In Memory of Libby Rogers - A Serenity Memorial
Donation protected
In Memory of Elisabeth "Libby Rogers," Beloved Mother
1949 - 2024
Losing a parent to suicide is an unbearable pain far outside of language. When it’s a mother, it’s like the whole order of the universe implodes. Mom wrestled with this my entire life, and indeed, even before my birth. I don’t know if it’s more appropriate to say I failed my mom or my child. She was both to me. I’m not going to hide how she died; suicide isn’t something to shame her for, and I’ve always believed de-stigmatizing the topic could have prevented this somehow.
On Friday, May 10, 2024, Mom ended her life by jumping off a cliff in Colorado National Park; I don’t share this because of its gruesomeness but for the sake of compassion — I can’t stop thinking about how scared she must have been; she was always so afraid of heights. I can’t sleep, I can’t hold food down, I can’t even say my heart aches because it’s my entire body. I always loved the mountains — but I never want to see one again. Knowing this was inevitable does not make it any easier.
Instead I choose to see her as brave enough to find her freedom in whatever way she could.

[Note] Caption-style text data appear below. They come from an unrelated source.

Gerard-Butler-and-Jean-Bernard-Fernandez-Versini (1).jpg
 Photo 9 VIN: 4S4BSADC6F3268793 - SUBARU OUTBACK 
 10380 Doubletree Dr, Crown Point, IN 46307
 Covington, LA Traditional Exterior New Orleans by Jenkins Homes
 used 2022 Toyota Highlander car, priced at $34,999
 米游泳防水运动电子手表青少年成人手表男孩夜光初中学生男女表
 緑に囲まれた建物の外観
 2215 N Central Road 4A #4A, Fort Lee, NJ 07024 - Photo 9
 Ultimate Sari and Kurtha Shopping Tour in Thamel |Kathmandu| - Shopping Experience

My mother was a deeply complex, beautiful, and humble soul who finally has the wings an angel deserves; never a materialistic person, the only thing she ever mentioned wanting after her death was a park bench engraved with her name. I will forever regret my inability to save her life. While this will never bring back my mother, I hope to honor her memory and find some sense of peace by giving one last present to a compassionate, empathetic, troubled, and infinitely loving woman who deserved far more than the world that failed her.
I am raising funds to dedicate a park bench in her name located in Wichita, Kansas - where she raised my brother and I, and where she will be greatly missed by so many friends, former students, and family members. This fundraiser's target aims to cover travel expenses from California to my hometown, as well the associated costs of her memorial bench.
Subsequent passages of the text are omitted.